#### The problem:
Set down the whole listing below exactly. The pictures stay out.

#### Information provided:

Segment Open

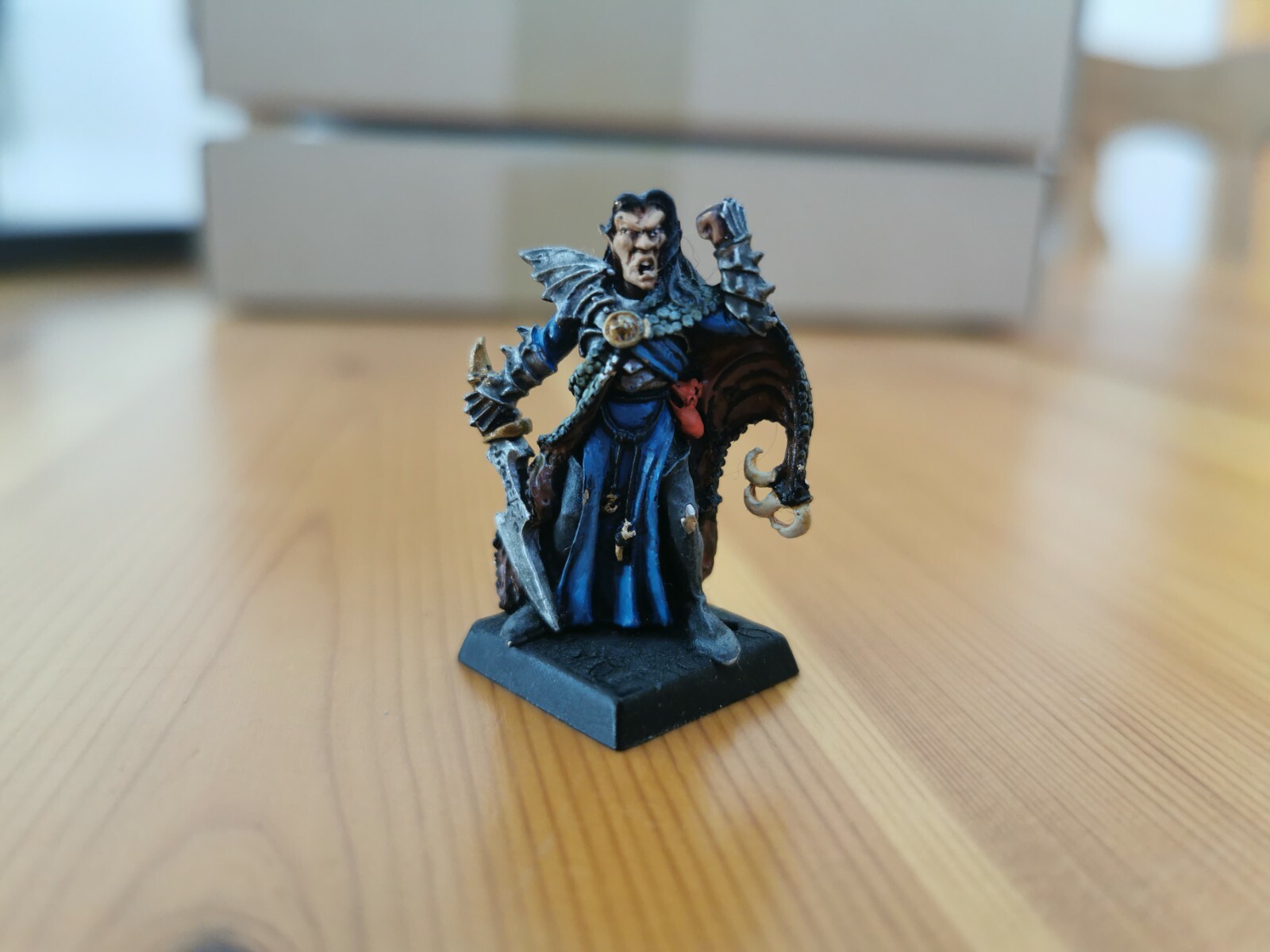 Warhammer Fantasy Age of Sigmar Dark Elf Black Corsair Champion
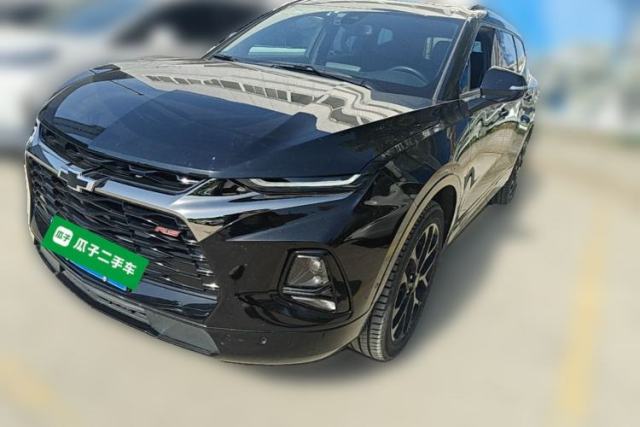 Used Chevrolet Blazer 2022 Mild Hybrid 650T RS Twin-Clutch All-Wheel Drive 7-Seater Prime Edition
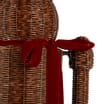 Festive Feeling Alpine Rattan Style Large Christmas Nutcracker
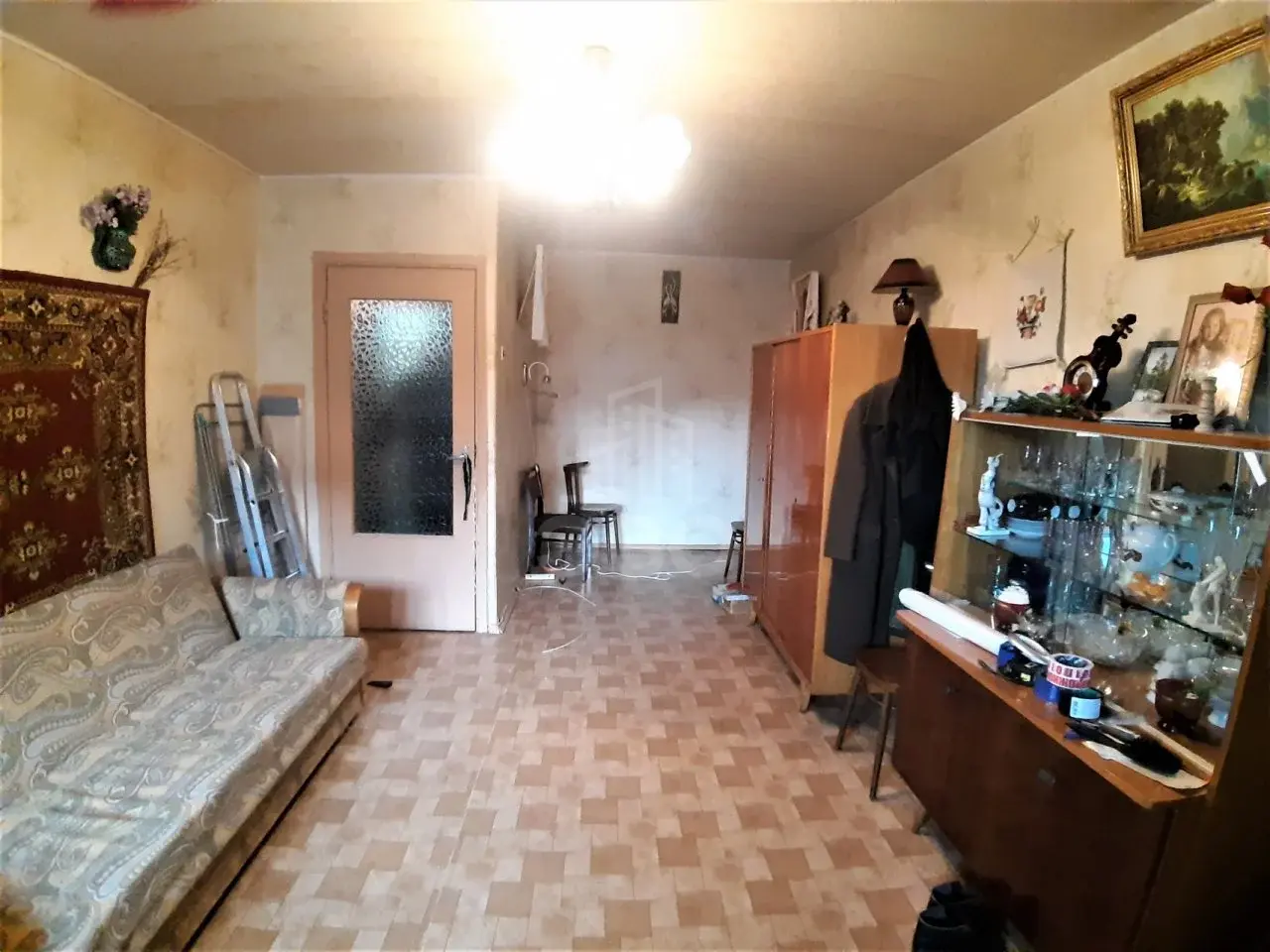 однокомнатная квартира в Санкт-Петербурге по адресу: Авиаконструкторов проспект, 4, к 1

Segment Closed

#### Answer to the exercise:
 Warhammer Fantasy Age of Sigmar Dark Elf Black Corsair Champion
 Used Chevrolet Blazer 2022 Mild Hybrid 650T RS Twin-Clutch All-Wheel Drive 7-Seater Prime Edition
 Festive Feeling Alpine Rattan Style Large Christmas Nutcracker
 однокомнатная квартира в Санкт-Петербурге по адресу: Авиаконструкторов проспект, 4, к 1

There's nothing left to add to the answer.